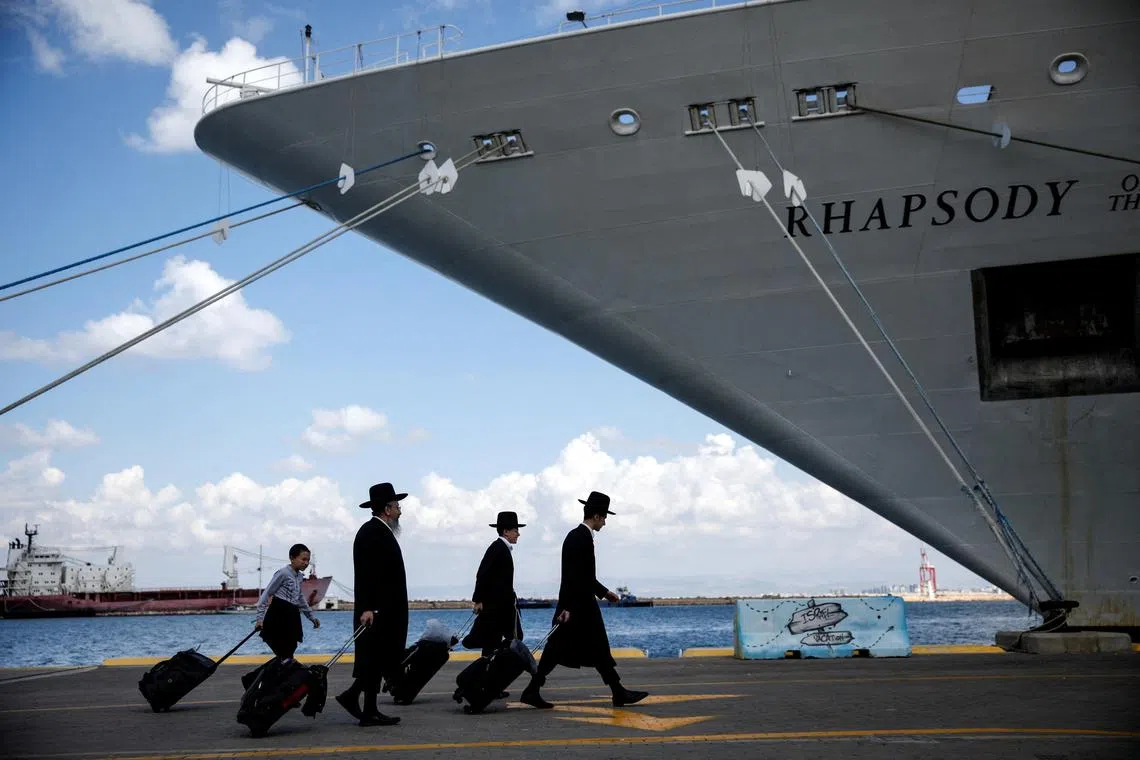 Ultra-Orthodox Jewish carrying their belongings before boarding a ship for U.S. nationals and their immediate family members, as they leave Israel for Cyprus, amid the ongoing conflict between Israel and the Palestinian Islamist group Hamas, in Haifa, Israel on Oct 16.     
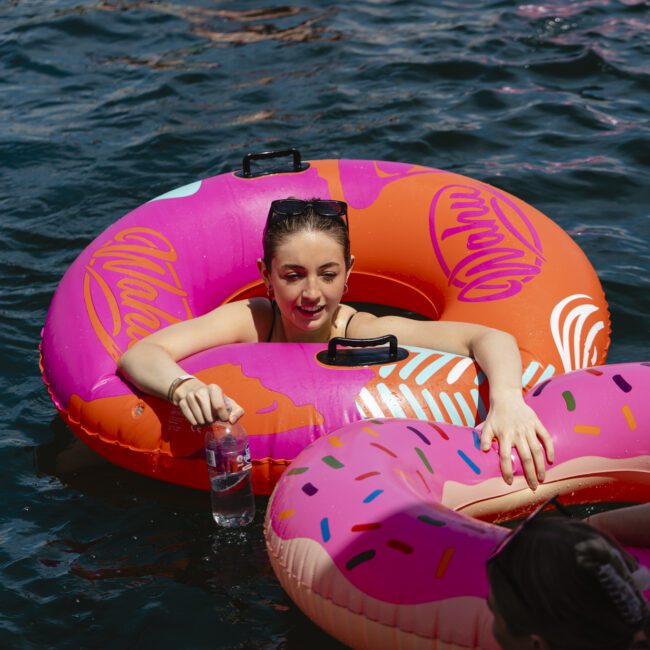 A person relaxes in a colorful donut-shaped pool float on the water, holding a bottle. Other people on floats are visible in the background. The scene is sunny and festive.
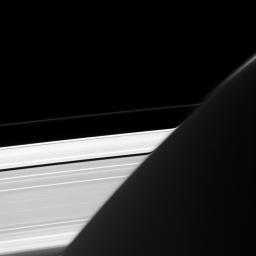 Captured by NASA's Cassini spacecraft, Saturn's A and F rings appear bizarrely warped where they intersect the planet's limb, whose atmosphere acts here like a very big lens.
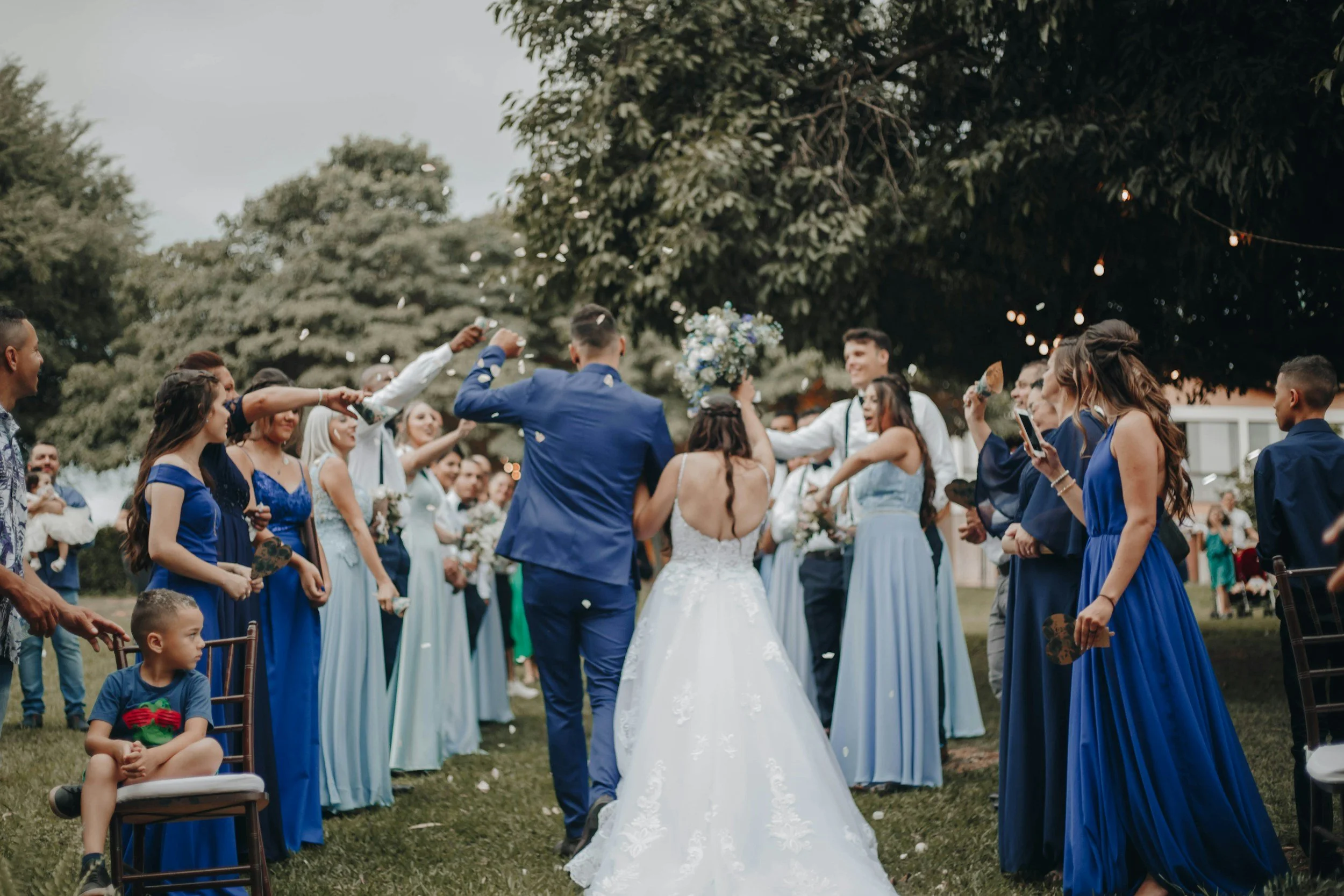 A bride and groom dancing outdoors at a wedding reception, surrounded by guests in blue and light blue dresses and suits, with some throwing flower petals, under a large tree with string lights.
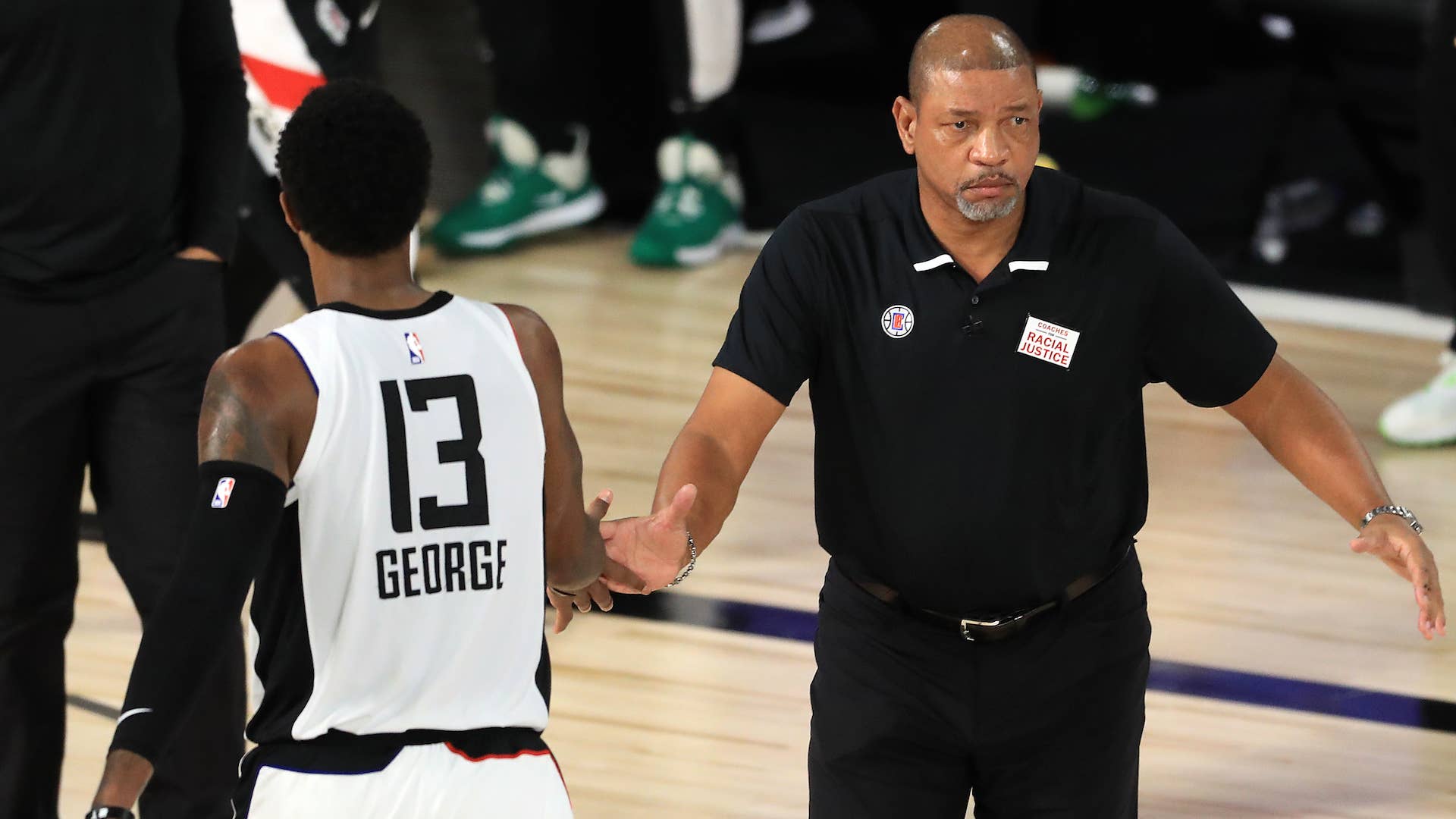 Doc Rivers of the LA Clippers reacts with Paul George #13 of the LA Clippers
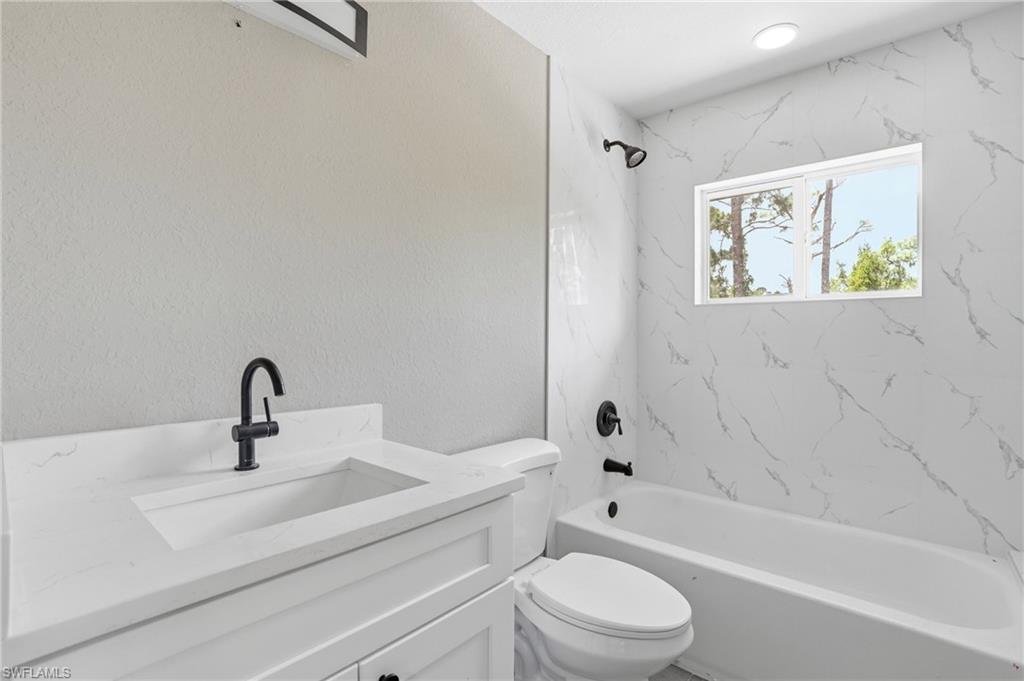 Bathroom featuring a white vanity with an integrated sink, matte black faucet, and a wall-mounted light fixture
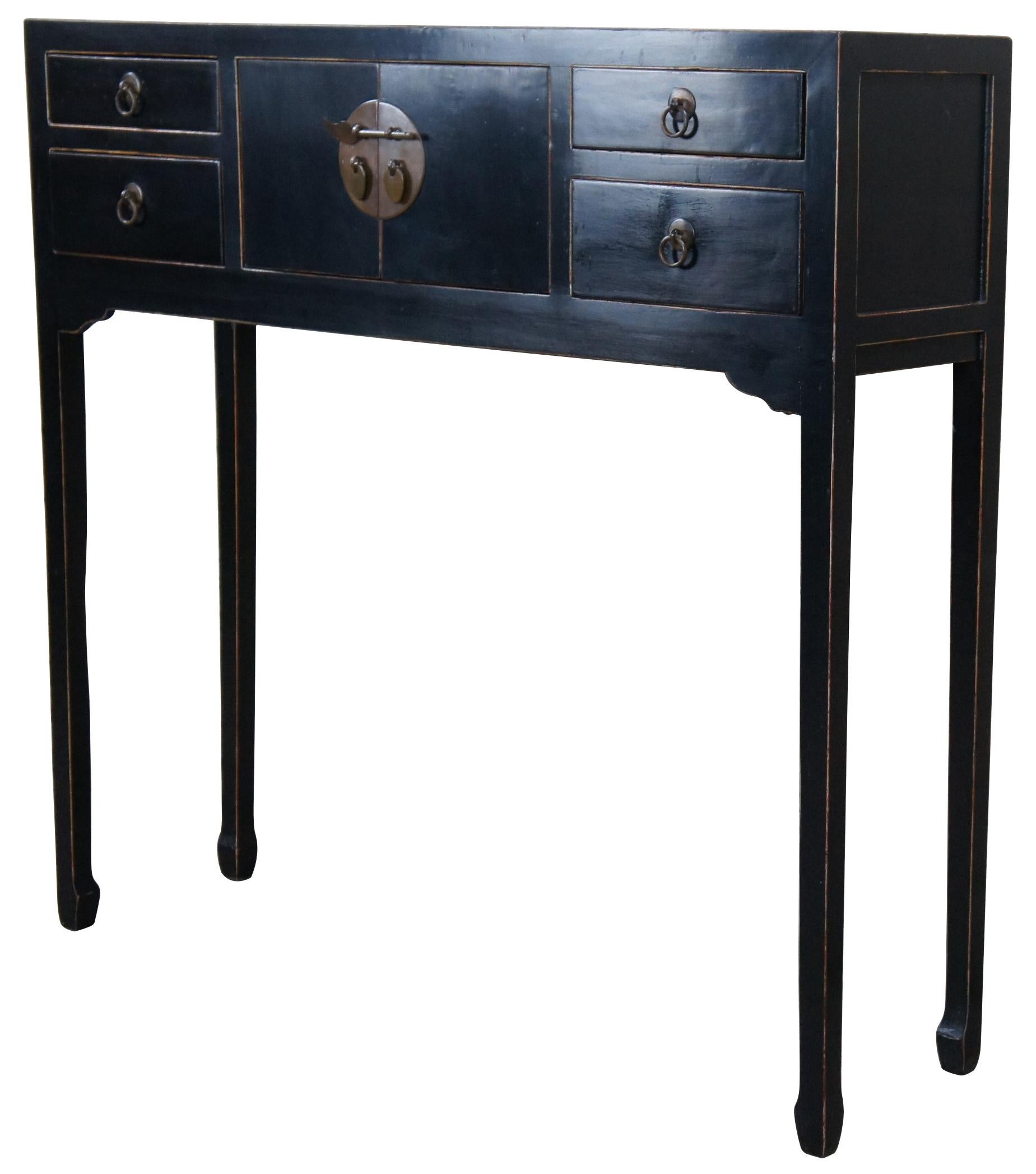 A lovely Chinese Ming style console. A nice complement to a hallway or behind a sofa. Black lacquered elmwood with a central cabinet flanked by four dovetailed drawers with brass hardware. Measure: 36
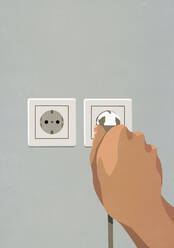 Hand plugging cord into electrical outlet - FSIF05017
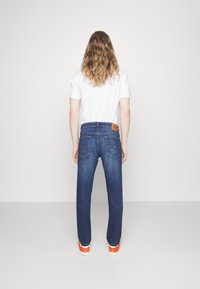 Mörkblå denimjeans med raka ben, en läderpatch baktill och kontrasterande sömmar. Kombinerade med en vit T-shirt.
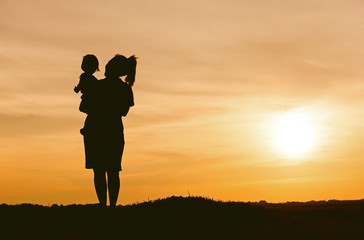 Silhouette of mother and daughter lifting child in air over scenic sunset sky at riverside. relaxation time and happiness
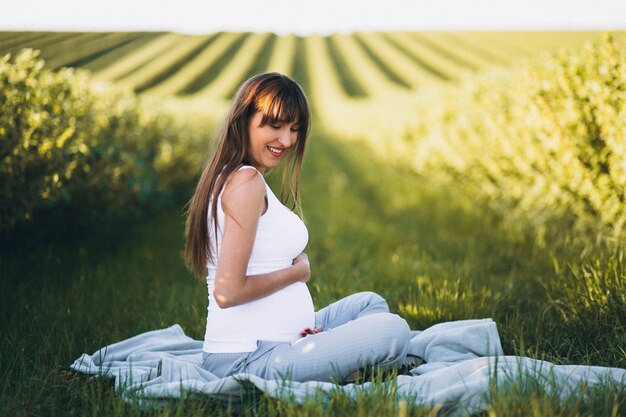 Mujer embarazada practicando yoga en el campo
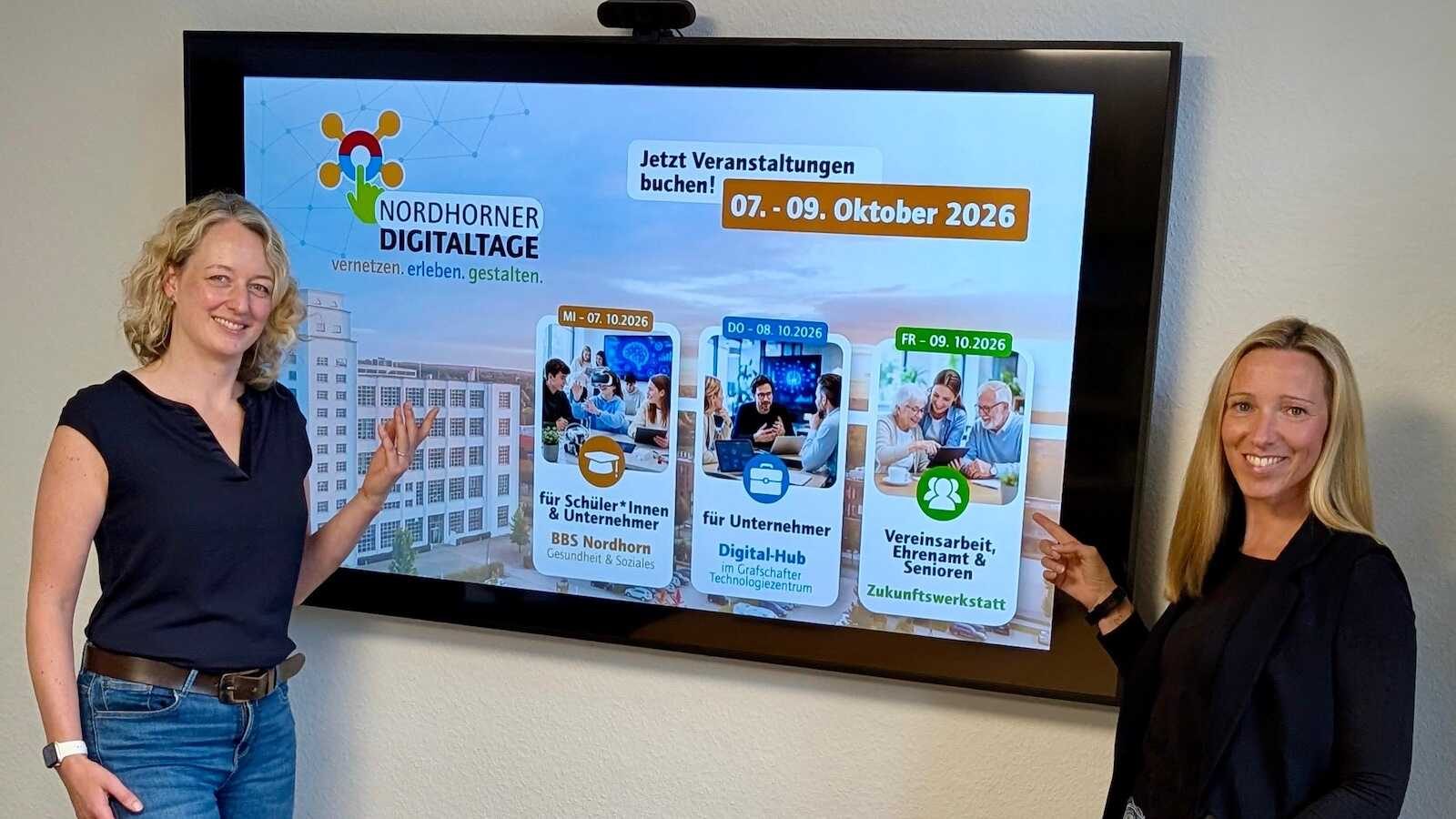 Zwei Mitarbeiterinnen der Wirtschaftsförderung der Stadt Nordhorn werben für die Nordhorner Digitaltage 2026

-*-*-

**EXERCISE AIM:**
The data should be printed again unchanged; leave its pictures out.

**THE COMPLETED TASK:**
 Ultra-Orthodox Jewish carrying their belongings before boarding a ship for U.S. nationals and their immediate family members, as they leave Israel for Cyprus, amid the ongoing conflict between Israel and the Palestinian Islamist group Hamas, in Haifa, Israel on Oct 16.     
 A person relaxes in a colorful donut-shaped pool float on the water, holding a bottle. Other people on floats are visible in the background. The scene is sunny and festive.
 Captured by NASA's Cassini spacecraft, Saturn's A and F rings appear bizarrely warped where they intersect the planet's limb, whose atmosphere acts here like a very big lens.
 A bride and groom dancing outdoors at a wedding reception, surrounded by guests in blue and light blue dresses and suits, with some throwing flower petals, under a large tree with string lights.
 Doc Rivers of the LA Clippers reacts with Paul George #13 of the LA Clippers
 Bathroom featuring a white vanity with an integrated sink, matte black faucet, and a wall-mounted light fixture
 A lovely Chinese Ming style console. A nice complement to a hallway or behind a sofa. Black lacquered elmwood with a central cabinet flanked by four dovetailed drawers with brass hardware. Measure: 36
 Hand plugging cord into electrical outlet - FSIF05017
 Mörkblå denimjeans med raka ben, en läderpatch baktill och kontrasterande sömmar. Kombinerade med en vit T-shirt.
 Silhouette of mother and daughter lifting child in air over scenic sunset sky at riverside. relaxation time and happiness
 Mujer embarazada practicando yoga en el campo
 Zwei Mitarbeiterinnen der Wirtschaftsförderung der Stadt Nordhorn werben für die Nordhorner Digitaltage 2026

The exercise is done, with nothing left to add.